Absent a major improvement in transparency and accountability, Entertainment's fortunes are unlikely to change and Sony's full potential will remain unrealized. We are continuing to study Entertainment's businesses, uncovering opportunities for improvement in strategy, culture and operations that bolster our view that it would benefit significantly from our proposal. The suggestion that the status quo of opacity, underperformance and under-management is superior to transparency, management accountability and distinct leadership seems to be based on the misguided notion that the status quo strategy has worked over the last two decades. By contrast, our proposal for a public listing of Entertainment provides investors with a compelling opportunity – offering focused leadership, direct exposure to high-value international cable networks, significant margin improvement head-room, structural catalysts, hidden asset values and capital return. The status quo offers Sony and its shareholders only more of the same unfulfilled potential.

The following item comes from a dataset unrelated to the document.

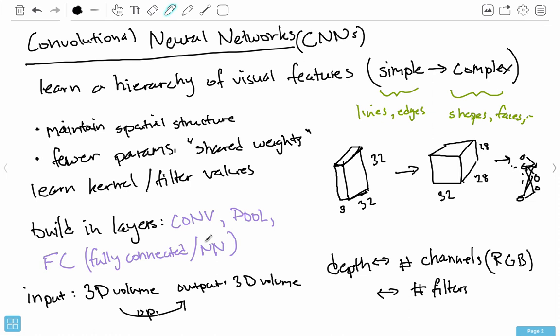In this recap: this model called a convolutional neural network is meant to help solve issues we were having with using plain neural networks for vision and images. The two issues were: we don't have any notion of spatial structure with a plain neural network, and we have a lot of parameters because when we flatten an image out we get tons and tons of parameters — that first input layer becomes huge. CNNs are the approach we use to help solve this, by learning a hierarchy of visual features. At the earlier layers, you're learning simple visual features like lines and edges.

While CEO Hirai focuses on Electronics, Entertainment is in desperate need of proper supervision. We believe Sony's Board, which we understand continues to consider our suggestions, has plenty of reasons to worry about Entertainment and should enact our partial listing proposal quickly. A resurgent Electronics combined with a well-managed, publicly-listed Entertainment business would make for a stronger Sony and offer tremendous value for shareholders.

From Third Point's second quarter 2013 letter.